## Aim of the exercise
Word-for-word repetition of the records below is needed, but only from the line holding "Museo del Desierto" through the final line, with pictures excluded.
<<<<
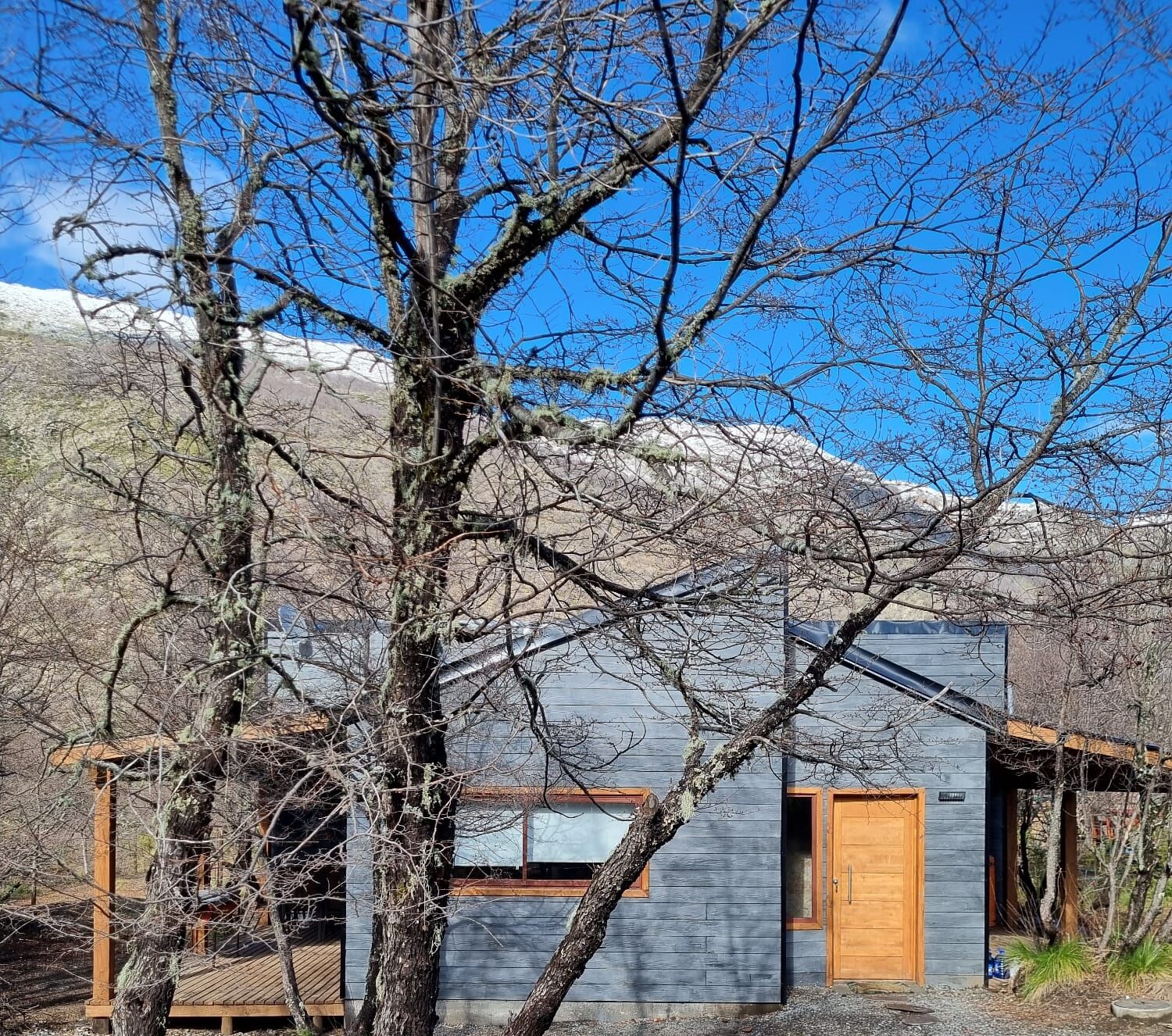 Eine moderne Holzhütte mit Holztür und -fenster, umgeben von Bäumen und einem Berg im Hintergrund.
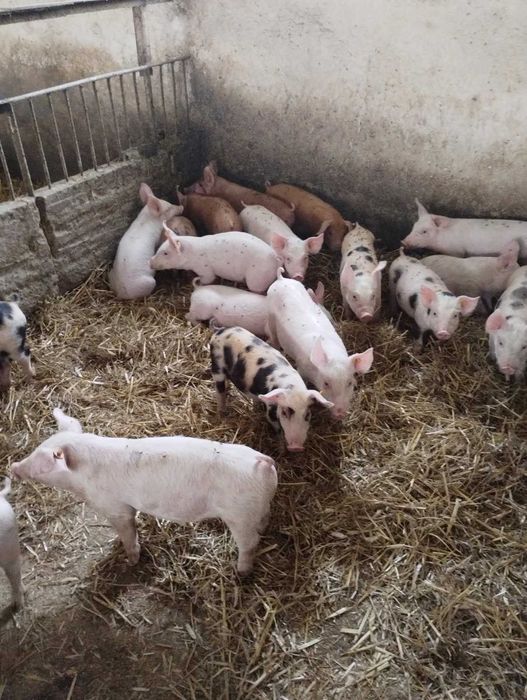 prosięta 8-tygodniowe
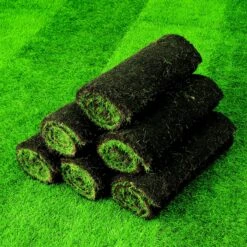 Lawn Turf, 50m² Pack -Hozelock Shop lawn turf 50m pack3663602195108 04i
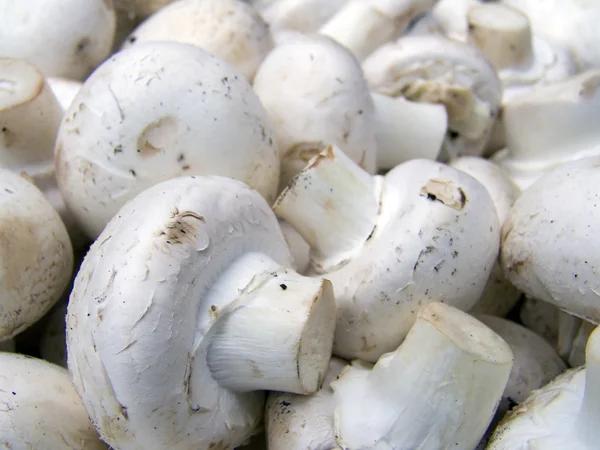 Campo funghi bianchi macro — Foto Stock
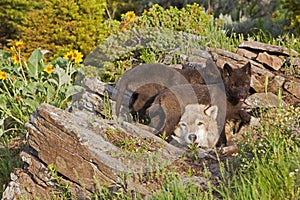 Female wolf Canis lupus and two pups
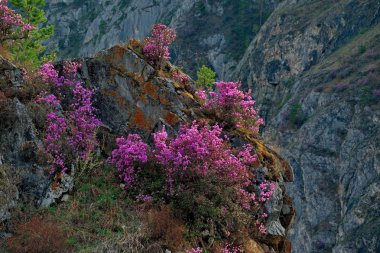 Altay Dağları'nın bahar çiçekleri. Ormangülü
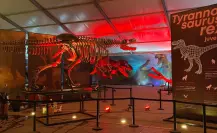Museo del Desierto lleva su colección paleontológica al Zócalo capitalino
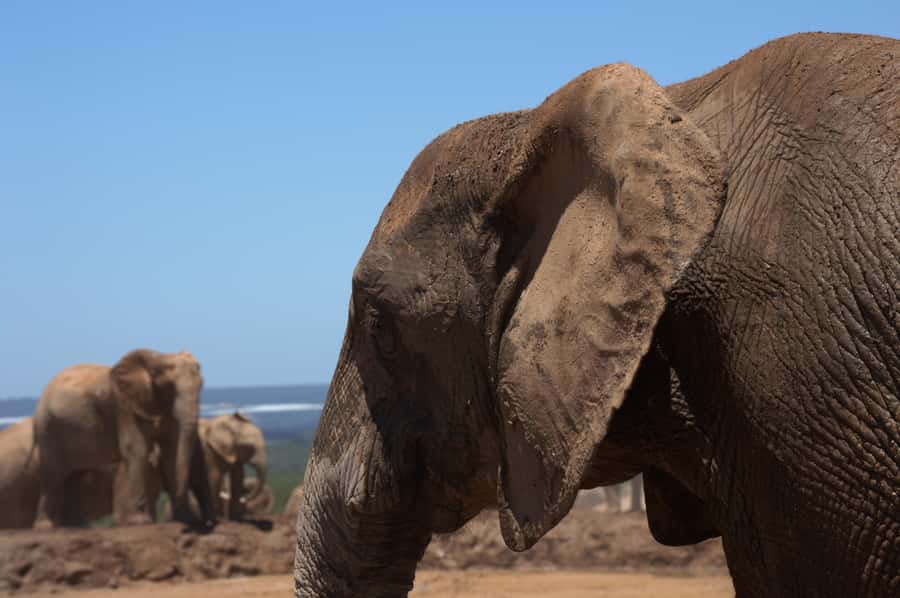 Private Addo & Schotia Full Day Tour - Who Will Like This Full-Day Safari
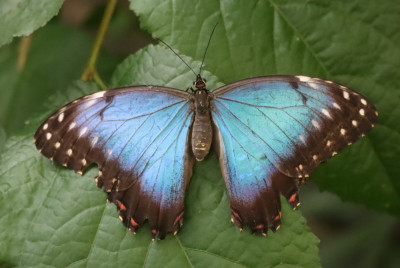 IMG_4478b Blauwe morpho (Morpho peleides).JPG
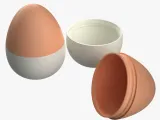 Egg Shaped Container-5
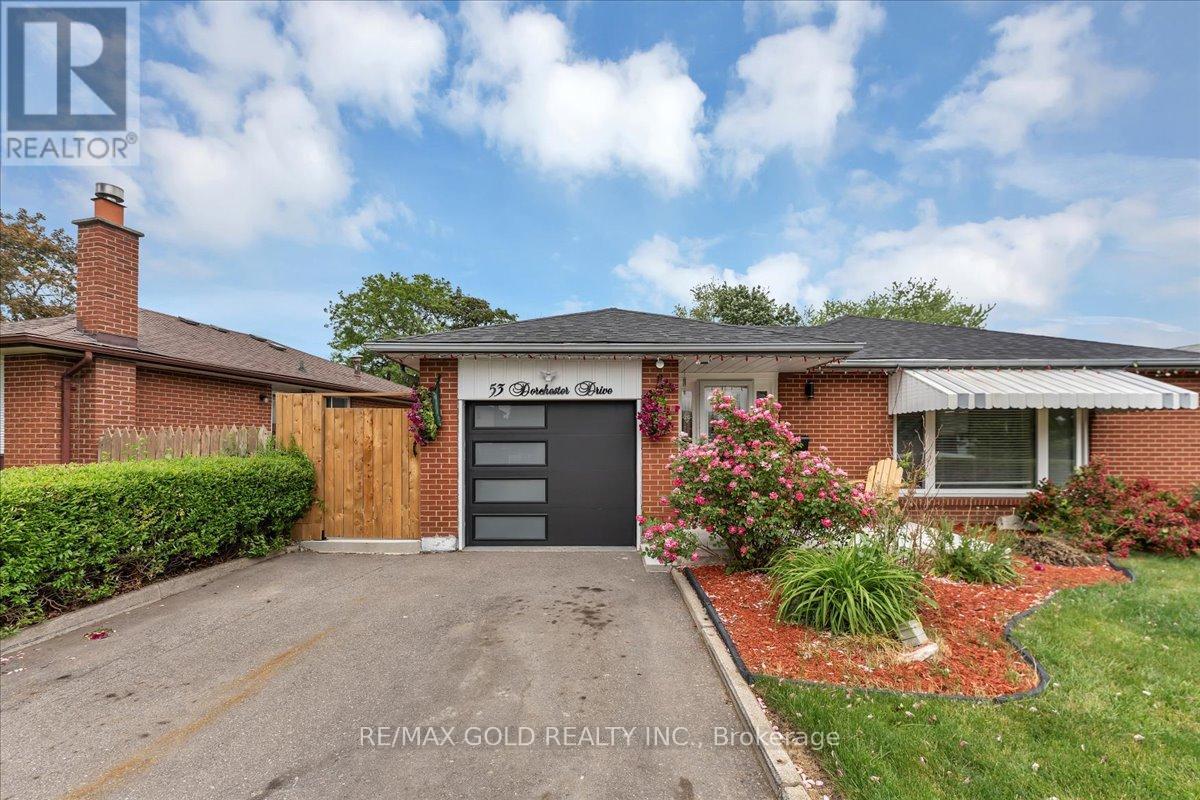 53 Dorchester Drive, Brampton, Ontario  L6T 3E2 - Photo 5 - W12975374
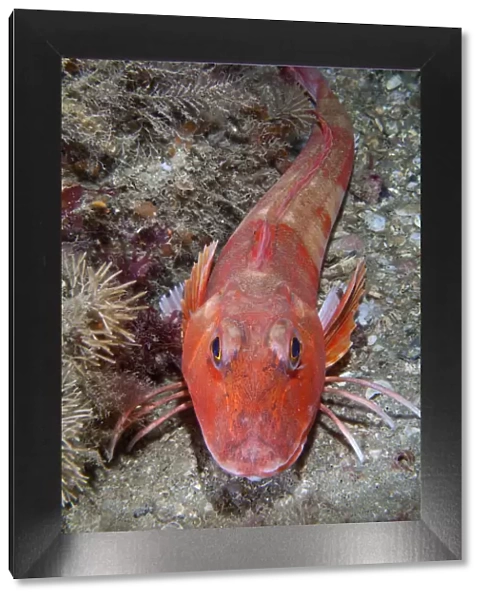 Red Gurnard (Aspitrigla  /  Chelidonichthys cuculus). Les Dents, Sark, British Channel Islands, July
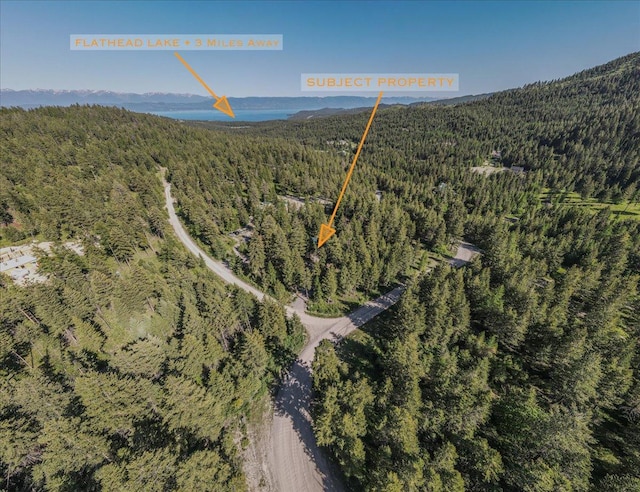 1365 Bierney Creek Rd, Lakeside, MT 59922 - aerial overview of property's location featuring a forest
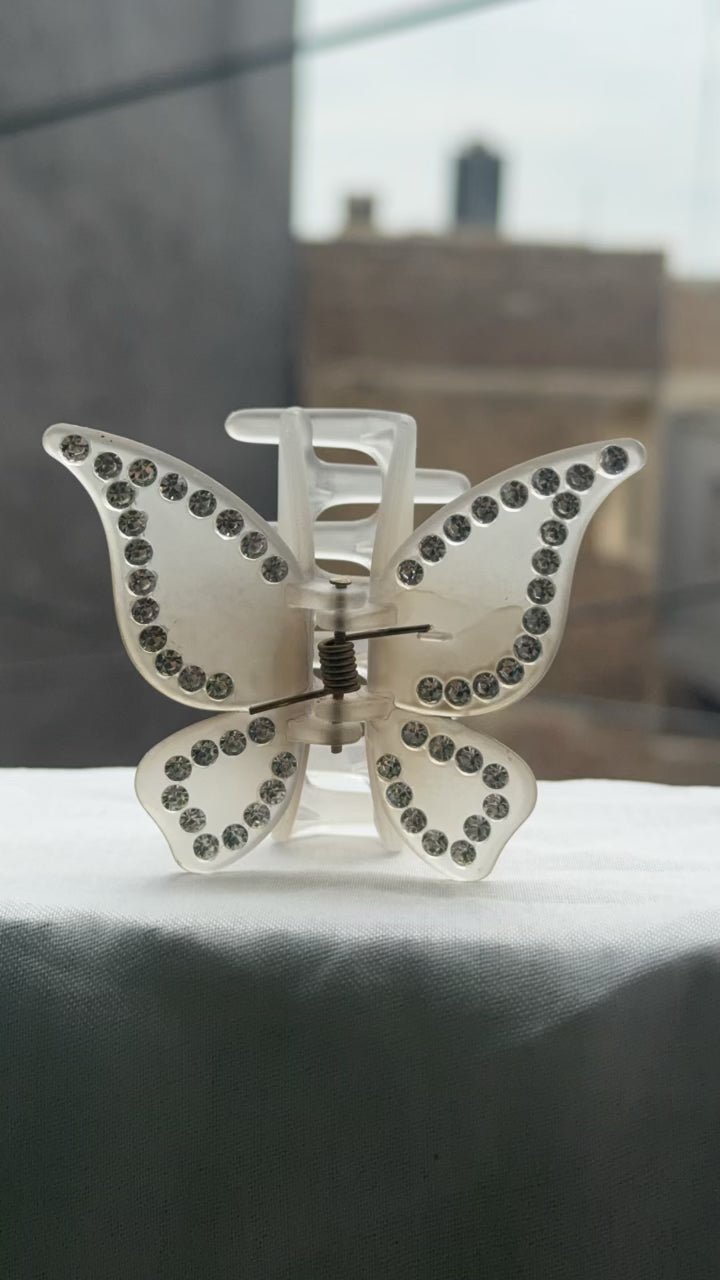 Pair of Butterfly Hair Catcher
>>>>
## Solution to the problem
Museo del Desierto lleva su colección paleontológica al Zócalo capitalino
 Private Addo & Schotia Full Day Tour - Who Will Like This Full-Day Safari
 IMG_4478b Blauwe morpho (Morpho peleides).JPG
 Egg Shaped Container-5
 53 Dorchester Drive, Brampton, Ontario  L6T 3E2 - Photo 5 - W12975374
 Red Gurnard (Aspitrigla  /  Chelidonichthys cuculus). Les Dents, Sark, British Channel Islands, July
 1365 Bierney Creek Rd, Lakeside, MT 59922 - aerial overview of property's location featuring a forest
 Pair of Butterfly Hair Catcher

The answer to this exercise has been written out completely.